Date: Monday, April 14, 2008 @ 21:08:44 CDT
Topic: News


Long before you're consciously aware of making a decision, your mind has already made it.

If that's the case, do people actually make decisions? Or is every choice -- even the choice to prepare for future choices -- an unthinking, mechanistic procedure over which an illusory self-awareness is laid?

Those questions are raised by a study conducted by Max Planck Institute neuroscientists and published Sunday in Nature Neuroscience. Test subjects chose whether to push a button with their right or left hand; seven seconds before they experienced making the choice, their brain activity already predicted their final decisions.

For more on the experiment, see my Wired.com story, for which I had the privilege of speaking to Martha Farah, director of the University of Pennsylvania's Center for Cognitive Neuroscience and a prominent neuroethicist. As is so often the case in journalism, we had a fascinating (email) conversation that didn't fit into the article itself, and I decided -- ha -- to publish it here.
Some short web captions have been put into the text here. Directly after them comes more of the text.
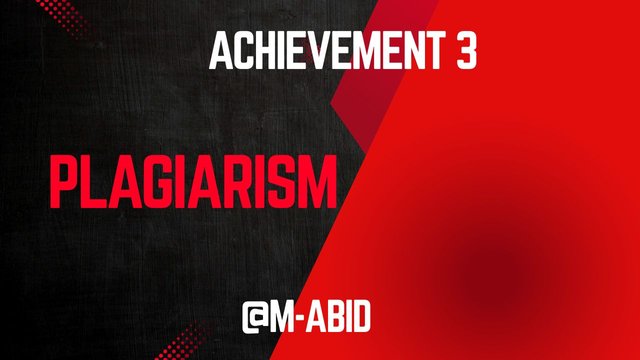Red Bold Finance YouTube Thumbnail.jpg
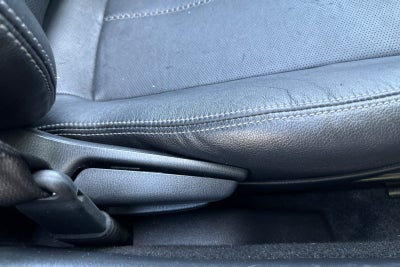 2021 Mazda Mazda Miata RF Grand Touring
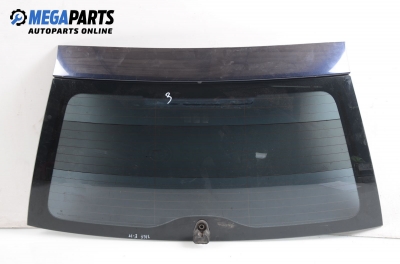 Heckscheibe für BMW 5 (E39) 2.5 TDS, 143 hp, combi automatik, 1999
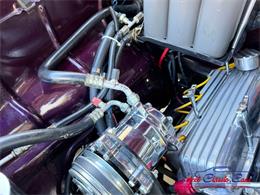 1955 Chevrolet 210 (CC-2058751) for sale in Hiram, Georgia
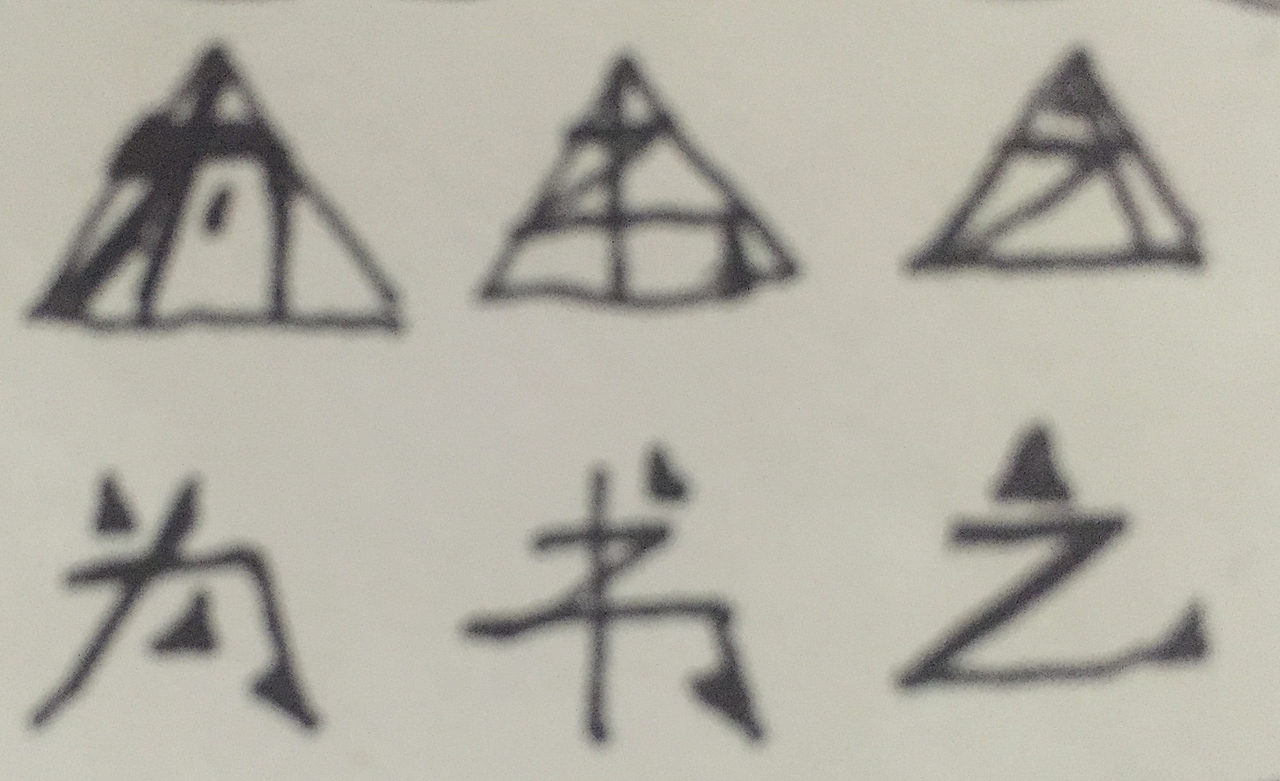 作品集（图ZNzcwMTY2NDA=） - APP界面 - 站酷设计师szwszw原创素材 - 站酷ZCOOL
Me: The big question is how much people should feel comfortable extrapolating these results to other, more seemingly complex decisions about which we feel a deep personal connection -- do I rent an apartment, get involved in a relationship, leave my job in search of another, and so on.

Martha Farah:
The authors have taken an important first step toward understanding how we make decisions, and toward revealing the apparently prolonged cascade of unconscious processes that precede the conscious decisions we make with what seems like "free will."  But of course there is always a trade-off in science between making a process scientifically tractable and making it realistic. Remember, Galileo rolled balls down inclines and theorized about infinite frictionless planes; he didn't set about trying to understand the fluttering, zig-zagging motion of a falling leaf! The authors started with a very simple decision-making task, and their results now form the basis for some good working hypotheses to be tested with more complex decisions.